In order to demonstrate that Elsberry and Shallit 2003 is incorrect on point (3), all one has to do is produce citations in the published literature (dated prior to our paper) showing the attempted application of Dembski’s GCEA to more than four cases. I’m unaware of any further examples that have been published, but I’m perfectly open to revising our number to account for all the instances.
Until and unless those citations are forthcoming, the braggadacio about how the Elsberry and Shallit 2003 paper can be safely ignored seems somewhat out of place.

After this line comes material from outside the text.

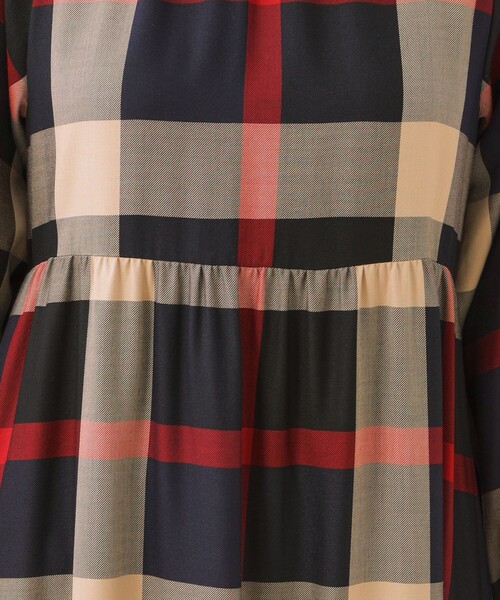 CB CRESTBRIDGE（シービークレストブリッジ）の「チェックティアードワンピース（ワンピース・レディース・ベージュ・M/S）」の7枚目の写真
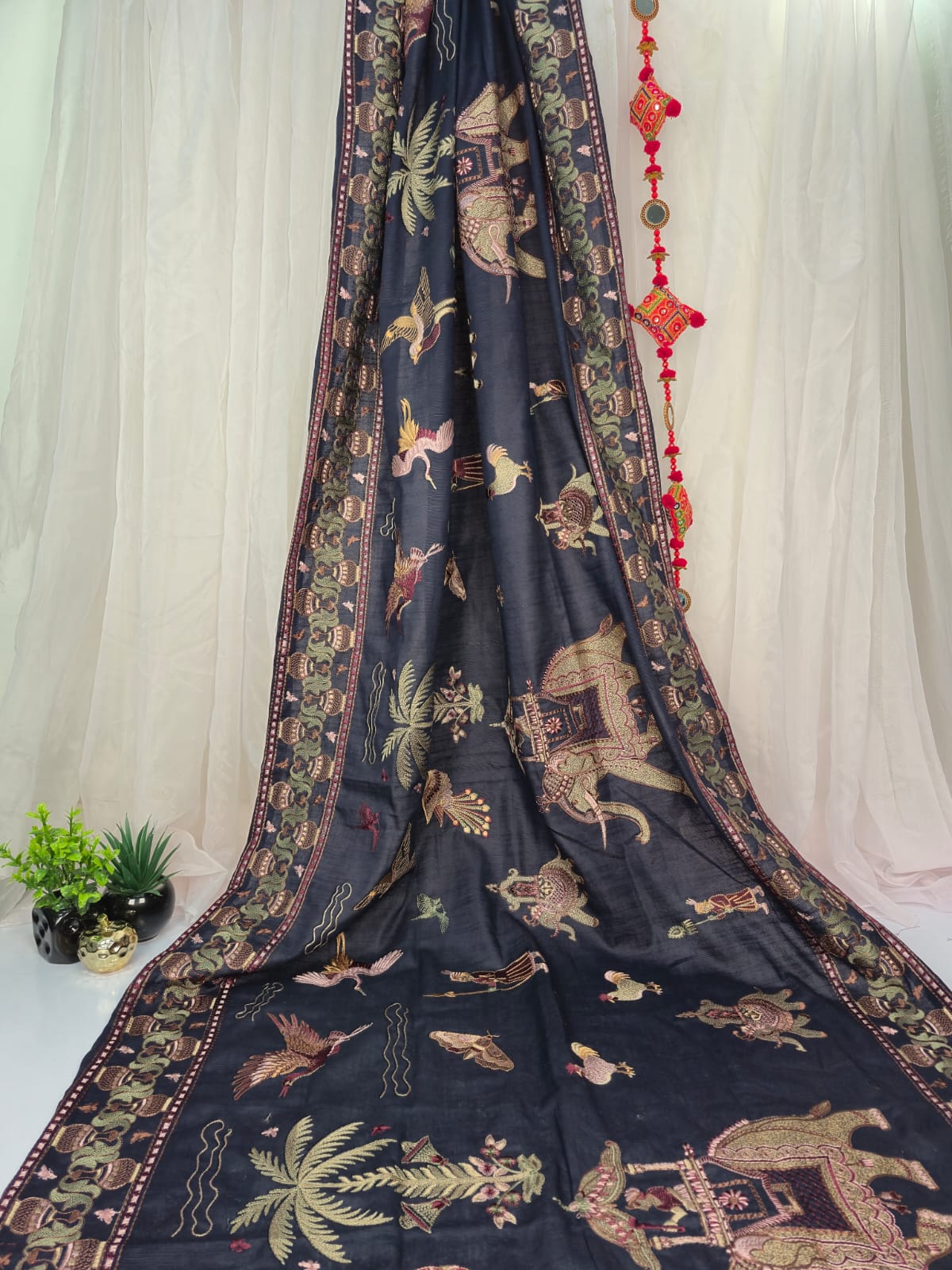 Darbaar-E-Khaas Embroidered Shawl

I posted that on August 31st. As far as I can tell, neither Salvador nor any other ID advocate has made the slightest headway in showing that I was inaccurate in either claim made above. Salvador has taken up an aggressive grandstanding technique, though I think that it is obvious to all that there is little to no substance as yet to back it up. If I were wrong on the two points above, it seems to me that it would be simplicity itself for some ID advocate to show that I was wrong, and I would have expected that to happen already. I predict that what I've written here will again disappear into the ID memory hole of inconveniently true criticisms.
If I'm wrong here, though, I'm willing both to take my lumps and acknowledge whoever it is that shows me to be wrong. I'm still waiting for the documentation. I suspect I will wait a long, long time.